== Segment start ==

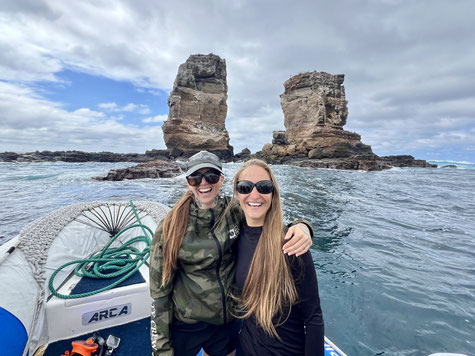 Shark researcher Andy Fragola and Jenny Waack in front of the famous Darwin's Arch/ Pillars - Galapagos Shark Diving
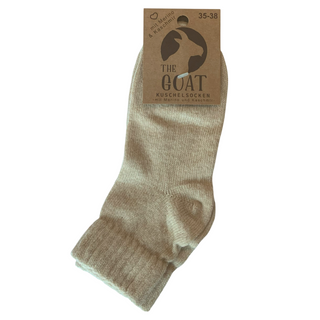 Beige footies med merinould og cashmere, med produktmærke.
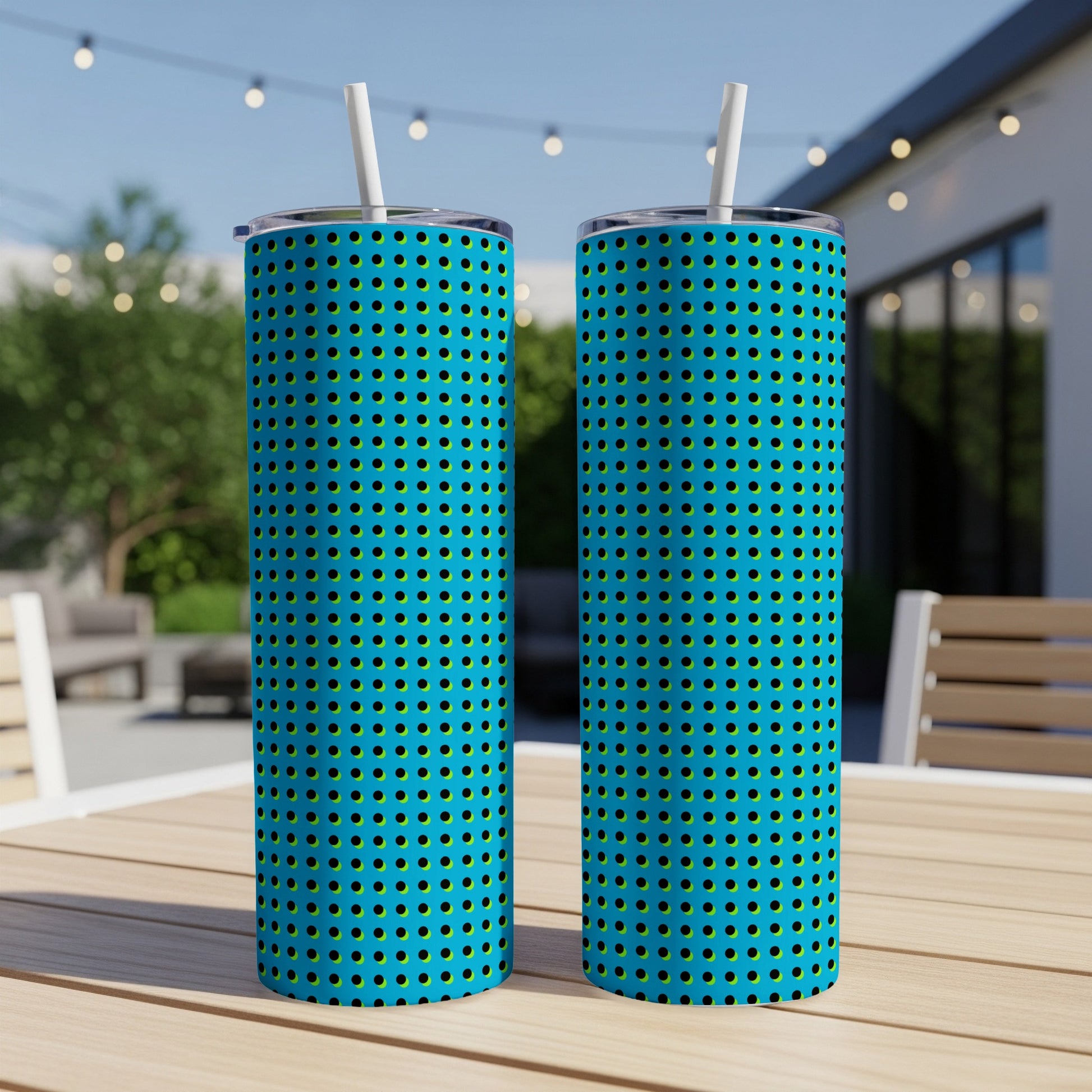 Two vivid blue tumblers with black and yellow polka dot pattern and white straws.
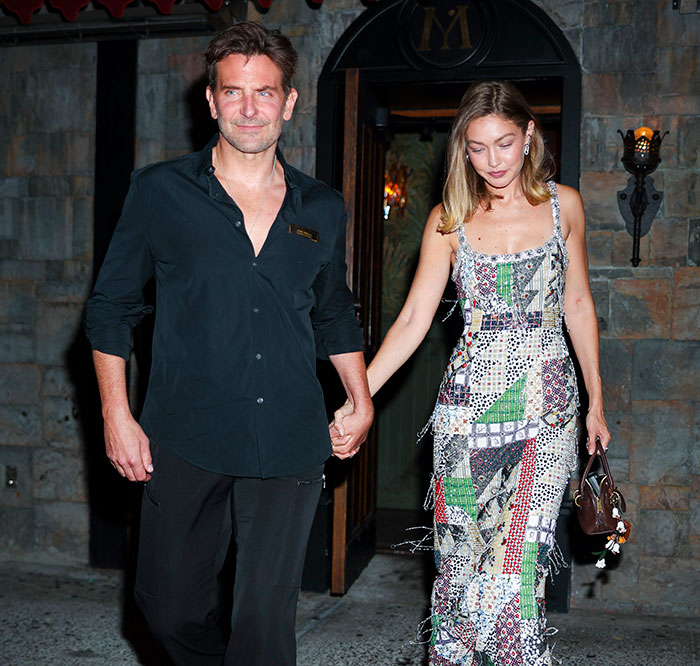 Bradley Cooper and a woman holding hands, with plastic surgeons commenting on his seemingly new look. Bradley Cooper and a woman holding hands, with plastic surgeons commenting on his seemingly new look.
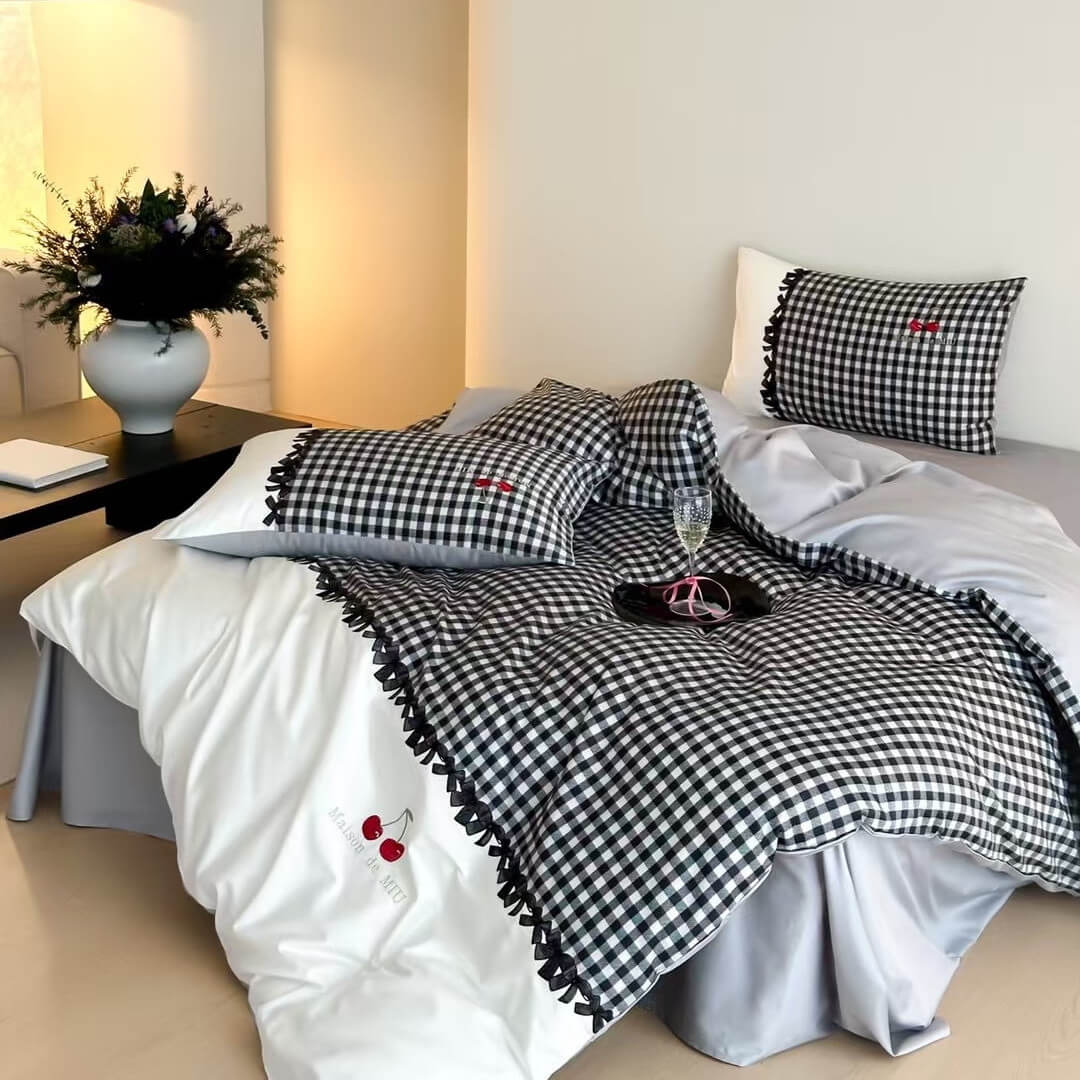 Black and white gingham cotton bedding set with decorative ruffled edges and cherry embroidery on bed in minimal bedroom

== Segment end ==

● The problem:
Restate exactly, please, only the lines between the start of the data and the line containing "Two vivid blue", both ends included, skipping the pictures.

● Task response:
 Shark researcher Andy Fragola and Jenny Waack in front of the famous Darwin's Arch/ Pillars - Galapagos Shark Diving
 Beige footies med merinould og cashmere, med produktmærke.
 Two vivid blue tumblers with black and yellow polka dot pattern and white straws.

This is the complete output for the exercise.